What is being asked —
Transcribe, word for word and without additions, each line below from the one containing "It's expertly constructed" through the one containing "If you're interested in this", both ends included.

** Opening Data excerpts block **

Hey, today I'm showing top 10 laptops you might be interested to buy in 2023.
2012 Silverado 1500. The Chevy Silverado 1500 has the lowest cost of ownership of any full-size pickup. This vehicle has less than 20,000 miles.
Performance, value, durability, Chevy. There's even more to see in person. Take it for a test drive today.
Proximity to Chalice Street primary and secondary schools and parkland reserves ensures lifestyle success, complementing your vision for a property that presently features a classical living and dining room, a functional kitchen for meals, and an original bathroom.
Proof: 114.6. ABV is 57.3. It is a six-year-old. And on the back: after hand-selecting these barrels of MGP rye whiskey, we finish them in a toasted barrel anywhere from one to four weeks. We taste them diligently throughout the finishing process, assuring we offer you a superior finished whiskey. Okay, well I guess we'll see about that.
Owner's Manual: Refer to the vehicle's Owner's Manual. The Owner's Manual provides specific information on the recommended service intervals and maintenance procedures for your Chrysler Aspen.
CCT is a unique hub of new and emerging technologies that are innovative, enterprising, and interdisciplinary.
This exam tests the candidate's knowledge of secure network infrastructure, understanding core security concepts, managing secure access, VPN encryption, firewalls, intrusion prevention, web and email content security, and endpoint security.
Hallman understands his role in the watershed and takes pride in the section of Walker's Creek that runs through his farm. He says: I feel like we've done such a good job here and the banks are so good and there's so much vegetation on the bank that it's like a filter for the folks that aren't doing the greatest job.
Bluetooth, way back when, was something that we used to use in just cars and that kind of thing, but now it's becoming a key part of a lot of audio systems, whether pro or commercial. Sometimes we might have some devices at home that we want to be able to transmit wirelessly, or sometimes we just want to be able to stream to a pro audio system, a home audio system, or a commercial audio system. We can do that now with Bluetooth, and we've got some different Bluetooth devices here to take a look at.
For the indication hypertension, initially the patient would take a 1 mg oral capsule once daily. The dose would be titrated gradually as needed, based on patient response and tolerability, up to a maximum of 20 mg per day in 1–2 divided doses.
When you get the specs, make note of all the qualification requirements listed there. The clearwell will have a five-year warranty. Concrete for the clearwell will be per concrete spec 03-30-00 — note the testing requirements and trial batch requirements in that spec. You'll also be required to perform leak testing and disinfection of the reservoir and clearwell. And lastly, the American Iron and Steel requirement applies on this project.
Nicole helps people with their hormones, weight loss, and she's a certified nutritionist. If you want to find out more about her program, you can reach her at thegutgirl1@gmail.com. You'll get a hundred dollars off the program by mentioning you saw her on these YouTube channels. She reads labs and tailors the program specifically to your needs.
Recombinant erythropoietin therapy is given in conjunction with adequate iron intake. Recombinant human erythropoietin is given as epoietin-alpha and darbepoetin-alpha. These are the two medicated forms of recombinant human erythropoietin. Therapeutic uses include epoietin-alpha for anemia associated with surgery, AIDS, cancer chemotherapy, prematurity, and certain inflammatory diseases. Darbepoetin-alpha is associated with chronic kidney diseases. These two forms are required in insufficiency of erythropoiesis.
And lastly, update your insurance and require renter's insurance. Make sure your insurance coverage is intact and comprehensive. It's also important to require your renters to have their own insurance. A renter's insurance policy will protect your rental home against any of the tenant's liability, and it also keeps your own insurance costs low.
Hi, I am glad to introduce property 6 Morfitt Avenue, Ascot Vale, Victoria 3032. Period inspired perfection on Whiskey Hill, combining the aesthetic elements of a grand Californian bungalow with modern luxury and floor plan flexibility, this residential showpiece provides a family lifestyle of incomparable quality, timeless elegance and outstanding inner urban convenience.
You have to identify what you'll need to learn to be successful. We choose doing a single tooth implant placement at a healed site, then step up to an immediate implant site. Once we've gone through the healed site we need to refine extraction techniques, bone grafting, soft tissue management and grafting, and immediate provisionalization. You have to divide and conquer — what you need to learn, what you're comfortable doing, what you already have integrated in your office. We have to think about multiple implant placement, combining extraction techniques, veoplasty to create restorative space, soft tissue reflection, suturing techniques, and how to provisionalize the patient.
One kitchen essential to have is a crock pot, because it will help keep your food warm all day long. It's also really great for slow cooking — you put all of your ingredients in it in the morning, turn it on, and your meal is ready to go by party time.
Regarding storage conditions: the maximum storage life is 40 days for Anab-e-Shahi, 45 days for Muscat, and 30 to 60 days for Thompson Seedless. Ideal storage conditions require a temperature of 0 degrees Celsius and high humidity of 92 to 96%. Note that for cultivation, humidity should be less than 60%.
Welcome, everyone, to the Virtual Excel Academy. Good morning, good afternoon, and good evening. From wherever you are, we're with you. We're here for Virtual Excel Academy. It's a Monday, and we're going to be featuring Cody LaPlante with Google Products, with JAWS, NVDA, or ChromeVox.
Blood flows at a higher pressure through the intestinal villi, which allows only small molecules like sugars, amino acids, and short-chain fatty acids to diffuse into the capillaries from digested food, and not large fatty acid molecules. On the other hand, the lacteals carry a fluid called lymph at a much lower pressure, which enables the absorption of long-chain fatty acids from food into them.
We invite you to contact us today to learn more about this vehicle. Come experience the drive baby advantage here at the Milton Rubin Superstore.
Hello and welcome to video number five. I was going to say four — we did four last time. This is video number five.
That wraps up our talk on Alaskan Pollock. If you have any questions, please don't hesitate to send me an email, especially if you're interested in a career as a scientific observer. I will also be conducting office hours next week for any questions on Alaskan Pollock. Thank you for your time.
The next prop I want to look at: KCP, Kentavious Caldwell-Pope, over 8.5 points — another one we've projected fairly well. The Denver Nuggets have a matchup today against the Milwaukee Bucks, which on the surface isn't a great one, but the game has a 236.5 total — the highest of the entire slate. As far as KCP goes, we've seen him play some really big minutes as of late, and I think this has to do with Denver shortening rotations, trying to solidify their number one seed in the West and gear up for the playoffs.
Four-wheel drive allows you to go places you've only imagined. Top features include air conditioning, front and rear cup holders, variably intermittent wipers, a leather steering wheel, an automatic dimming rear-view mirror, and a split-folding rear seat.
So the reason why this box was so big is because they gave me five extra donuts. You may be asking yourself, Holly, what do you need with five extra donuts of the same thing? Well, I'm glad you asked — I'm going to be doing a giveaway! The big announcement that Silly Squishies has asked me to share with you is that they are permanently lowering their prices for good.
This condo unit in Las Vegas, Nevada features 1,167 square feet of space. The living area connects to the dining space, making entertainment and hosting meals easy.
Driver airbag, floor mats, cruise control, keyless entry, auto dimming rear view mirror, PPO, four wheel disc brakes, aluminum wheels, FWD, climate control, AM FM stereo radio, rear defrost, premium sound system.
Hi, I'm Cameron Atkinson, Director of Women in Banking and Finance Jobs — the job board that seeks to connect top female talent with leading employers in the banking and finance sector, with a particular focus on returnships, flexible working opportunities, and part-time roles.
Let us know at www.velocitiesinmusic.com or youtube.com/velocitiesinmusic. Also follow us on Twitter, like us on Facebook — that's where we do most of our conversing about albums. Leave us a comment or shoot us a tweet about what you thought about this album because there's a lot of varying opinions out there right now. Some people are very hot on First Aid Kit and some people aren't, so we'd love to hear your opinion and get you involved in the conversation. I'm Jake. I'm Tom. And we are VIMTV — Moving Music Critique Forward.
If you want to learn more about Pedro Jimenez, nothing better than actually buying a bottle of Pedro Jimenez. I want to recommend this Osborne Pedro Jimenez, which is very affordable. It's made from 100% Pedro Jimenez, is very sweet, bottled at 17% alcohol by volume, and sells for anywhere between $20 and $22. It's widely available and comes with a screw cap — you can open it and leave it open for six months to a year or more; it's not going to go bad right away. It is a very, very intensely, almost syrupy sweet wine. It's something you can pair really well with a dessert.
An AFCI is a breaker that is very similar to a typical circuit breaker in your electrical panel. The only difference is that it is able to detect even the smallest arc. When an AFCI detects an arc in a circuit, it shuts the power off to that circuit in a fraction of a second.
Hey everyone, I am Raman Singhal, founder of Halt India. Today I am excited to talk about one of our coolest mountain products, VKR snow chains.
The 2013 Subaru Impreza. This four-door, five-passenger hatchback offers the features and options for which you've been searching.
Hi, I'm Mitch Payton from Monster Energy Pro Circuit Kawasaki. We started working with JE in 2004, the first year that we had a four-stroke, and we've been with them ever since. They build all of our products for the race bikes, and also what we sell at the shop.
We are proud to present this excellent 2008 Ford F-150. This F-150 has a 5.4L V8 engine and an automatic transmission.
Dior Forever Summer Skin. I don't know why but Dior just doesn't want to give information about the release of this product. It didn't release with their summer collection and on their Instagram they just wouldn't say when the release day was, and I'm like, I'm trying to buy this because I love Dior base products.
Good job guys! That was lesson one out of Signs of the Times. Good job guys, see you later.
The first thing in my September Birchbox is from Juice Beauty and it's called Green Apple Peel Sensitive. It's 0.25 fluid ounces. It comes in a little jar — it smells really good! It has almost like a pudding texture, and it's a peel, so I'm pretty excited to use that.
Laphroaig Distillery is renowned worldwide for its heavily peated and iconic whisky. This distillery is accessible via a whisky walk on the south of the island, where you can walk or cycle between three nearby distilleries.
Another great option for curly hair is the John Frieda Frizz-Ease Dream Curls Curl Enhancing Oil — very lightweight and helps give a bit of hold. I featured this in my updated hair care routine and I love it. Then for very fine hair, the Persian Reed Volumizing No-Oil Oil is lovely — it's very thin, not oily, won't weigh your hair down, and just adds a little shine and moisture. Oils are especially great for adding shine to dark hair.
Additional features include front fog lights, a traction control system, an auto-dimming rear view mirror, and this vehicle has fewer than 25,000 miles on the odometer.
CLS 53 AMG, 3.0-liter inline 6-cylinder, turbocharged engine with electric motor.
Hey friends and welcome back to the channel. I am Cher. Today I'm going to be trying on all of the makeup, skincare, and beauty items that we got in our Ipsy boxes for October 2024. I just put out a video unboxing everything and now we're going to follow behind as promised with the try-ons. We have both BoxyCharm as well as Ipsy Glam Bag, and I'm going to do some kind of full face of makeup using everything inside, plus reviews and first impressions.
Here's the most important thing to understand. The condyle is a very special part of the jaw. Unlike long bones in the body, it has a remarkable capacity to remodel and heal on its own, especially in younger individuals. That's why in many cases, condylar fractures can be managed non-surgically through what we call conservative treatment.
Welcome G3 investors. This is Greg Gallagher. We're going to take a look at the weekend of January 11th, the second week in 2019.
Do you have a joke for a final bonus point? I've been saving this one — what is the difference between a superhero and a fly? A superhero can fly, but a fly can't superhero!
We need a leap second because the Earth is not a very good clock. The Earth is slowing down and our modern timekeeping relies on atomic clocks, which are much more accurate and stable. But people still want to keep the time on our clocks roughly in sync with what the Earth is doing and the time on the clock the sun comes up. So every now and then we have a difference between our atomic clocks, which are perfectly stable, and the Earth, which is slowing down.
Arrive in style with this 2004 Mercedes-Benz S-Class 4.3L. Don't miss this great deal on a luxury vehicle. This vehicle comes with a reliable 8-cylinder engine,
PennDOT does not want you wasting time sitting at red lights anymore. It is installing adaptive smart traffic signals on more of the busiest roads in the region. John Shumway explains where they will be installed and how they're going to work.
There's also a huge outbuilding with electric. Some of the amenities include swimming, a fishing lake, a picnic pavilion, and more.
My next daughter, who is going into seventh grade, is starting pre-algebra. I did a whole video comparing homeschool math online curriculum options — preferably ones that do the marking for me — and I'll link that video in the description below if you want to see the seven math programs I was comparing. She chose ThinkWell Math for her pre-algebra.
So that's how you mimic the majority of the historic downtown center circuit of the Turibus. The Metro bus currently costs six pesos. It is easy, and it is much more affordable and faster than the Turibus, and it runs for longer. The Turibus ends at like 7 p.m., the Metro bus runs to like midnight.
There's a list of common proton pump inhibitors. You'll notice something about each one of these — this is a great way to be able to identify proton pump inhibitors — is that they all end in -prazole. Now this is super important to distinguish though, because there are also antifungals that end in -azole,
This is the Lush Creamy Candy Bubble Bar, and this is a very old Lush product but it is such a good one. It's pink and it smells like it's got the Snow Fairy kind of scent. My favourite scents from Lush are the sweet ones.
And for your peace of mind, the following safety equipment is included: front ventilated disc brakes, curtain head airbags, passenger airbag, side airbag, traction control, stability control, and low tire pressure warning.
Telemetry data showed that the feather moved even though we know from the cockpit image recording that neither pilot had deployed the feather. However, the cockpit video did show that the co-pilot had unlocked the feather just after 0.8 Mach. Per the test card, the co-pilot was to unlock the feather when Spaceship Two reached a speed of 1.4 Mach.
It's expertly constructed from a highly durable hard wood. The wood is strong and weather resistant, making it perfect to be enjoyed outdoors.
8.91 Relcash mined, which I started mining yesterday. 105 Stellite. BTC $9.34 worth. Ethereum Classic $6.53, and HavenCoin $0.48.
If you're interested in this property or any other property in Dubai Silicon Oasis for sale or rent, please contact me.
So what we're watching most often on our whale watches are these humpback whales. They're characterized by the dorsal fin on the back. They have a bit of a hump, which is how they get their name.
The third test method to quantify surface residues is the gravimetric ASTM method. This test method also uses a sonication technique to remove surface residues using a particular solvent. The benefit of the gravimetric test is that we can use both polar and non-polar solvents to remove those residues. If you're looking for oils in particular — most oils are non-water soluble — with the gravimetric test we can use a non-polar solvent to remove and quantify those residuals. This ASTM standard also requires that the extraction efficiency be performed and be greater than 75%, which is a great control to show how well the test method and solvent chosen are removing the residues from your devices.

** Closing Data excerpts block **

Answer to the problem —
It's expertly constructed from a highly durable hard wood. The wood is strong and weather resistant, making it perfect to be enjoyed outdoors.
8.91 Relcash mined, which I started mining yesterday. 105 Stellite. BTC $9.34 worth. Ethereum Classic $6.53, and HavenCoin $0.48.
If you're interested in this property or any other property in Dubai Silicon Oasis for sale or rent, please contact me.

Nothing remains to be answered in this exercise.